*** Exercise material ***

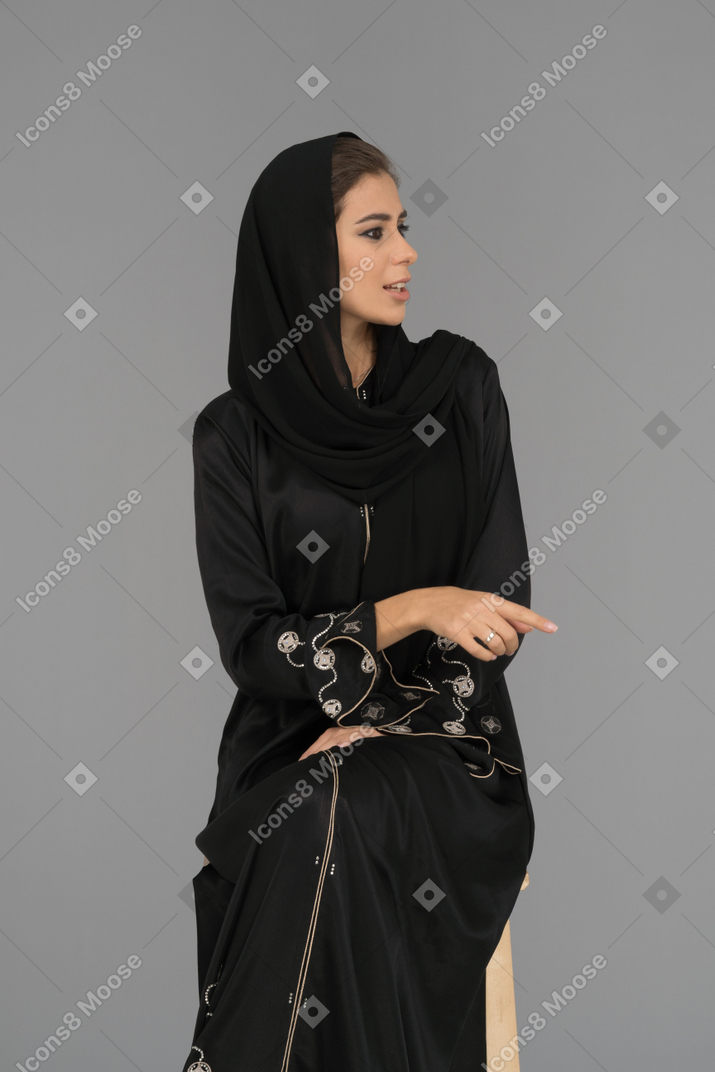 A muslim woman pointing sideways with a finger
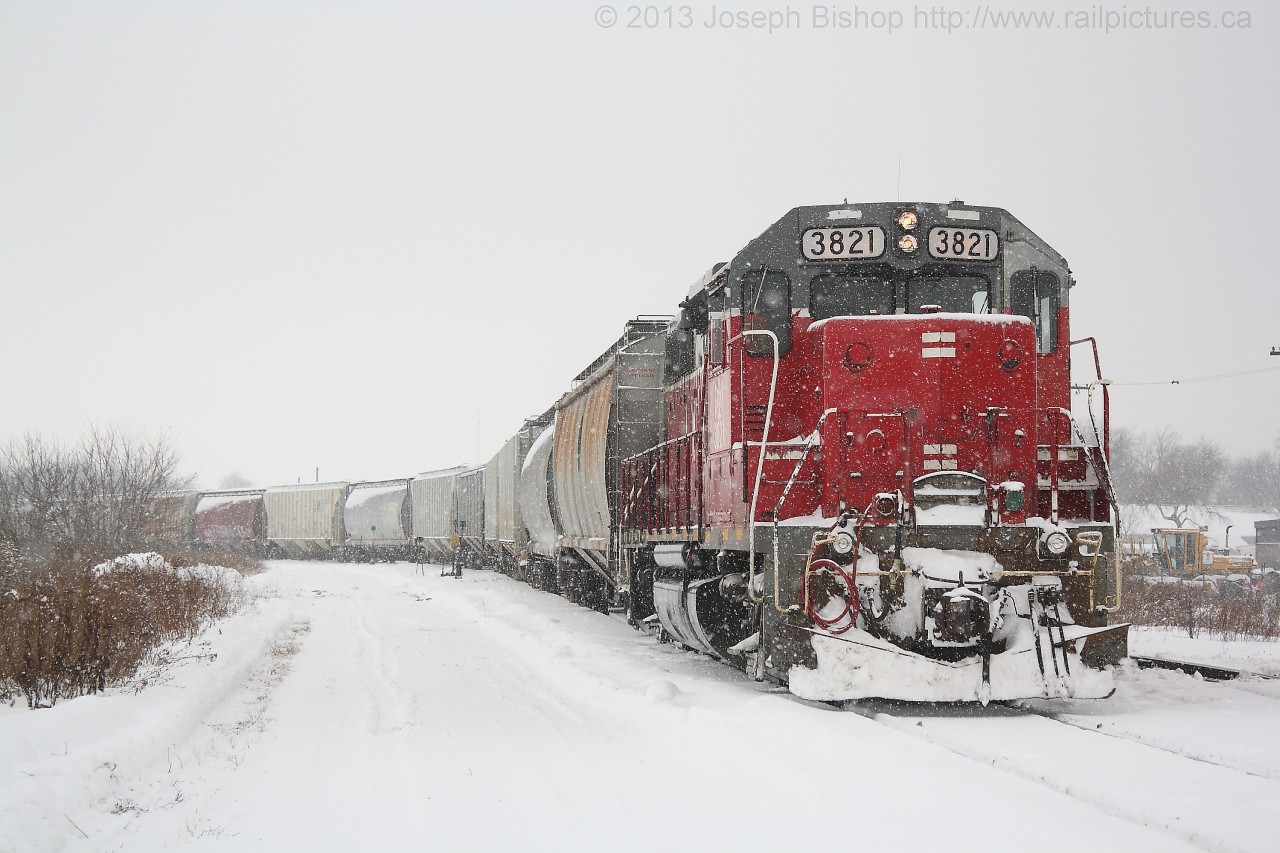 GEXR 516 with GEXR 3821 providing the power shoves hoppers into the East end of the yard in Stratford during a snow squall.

***
*** Exercise material ***

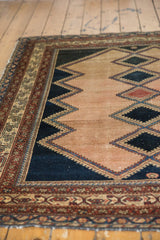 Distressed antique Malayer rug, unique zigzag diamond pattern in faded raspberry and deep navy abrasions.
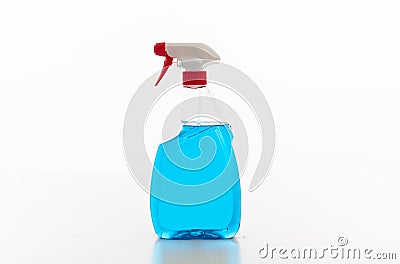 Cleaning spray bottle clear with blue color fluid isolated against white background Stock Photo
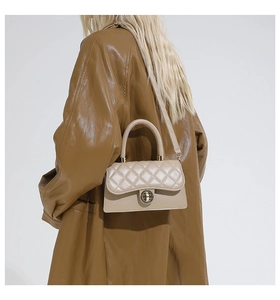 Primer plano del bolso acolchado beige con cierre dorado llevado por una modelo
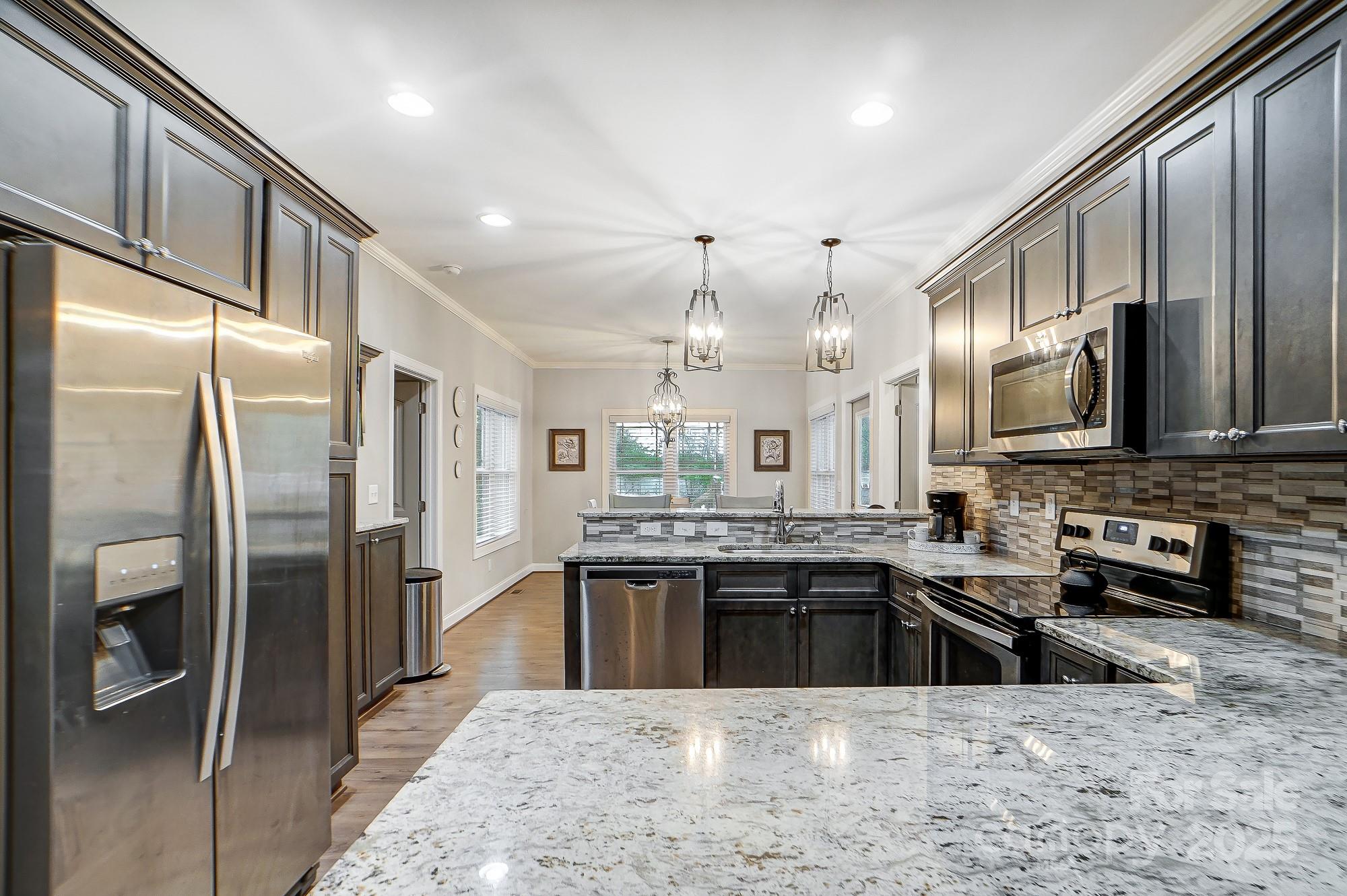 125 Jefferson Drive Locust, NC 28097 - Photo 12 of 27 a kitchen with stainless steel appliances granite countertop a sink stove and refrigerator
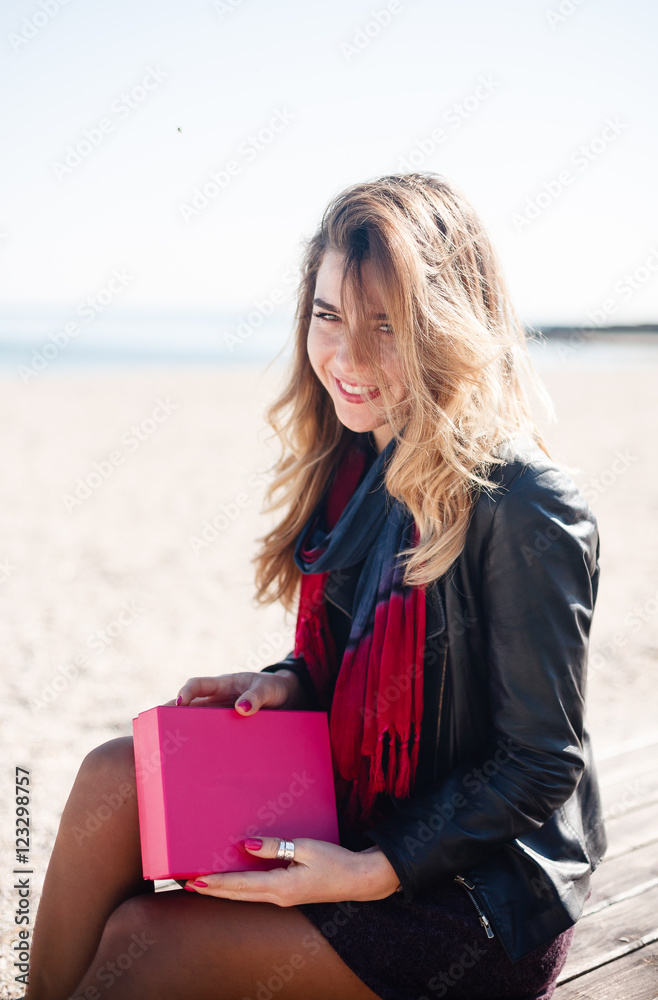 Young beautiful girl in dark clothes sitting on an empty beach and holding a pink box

***

Activity: Using the data above, print only the lines starting at the one with "Cleaning spray bottle" and ending at the one with "125 Jefferson Drive", exactly as they stand, minus the pictures.

Output of the exercise:
 Cleaning spray bottle clear with blue color fluid isolated against white background Stock Photo
 Primer plano del bolso acolchado beige con cierre dorado llevado por una modelo
 125 Jefferson Drive Locust, NC 28097 - Photo 12 of 27 a kitchen with stainless steel appliances granite countertop a sink stove and refrigerator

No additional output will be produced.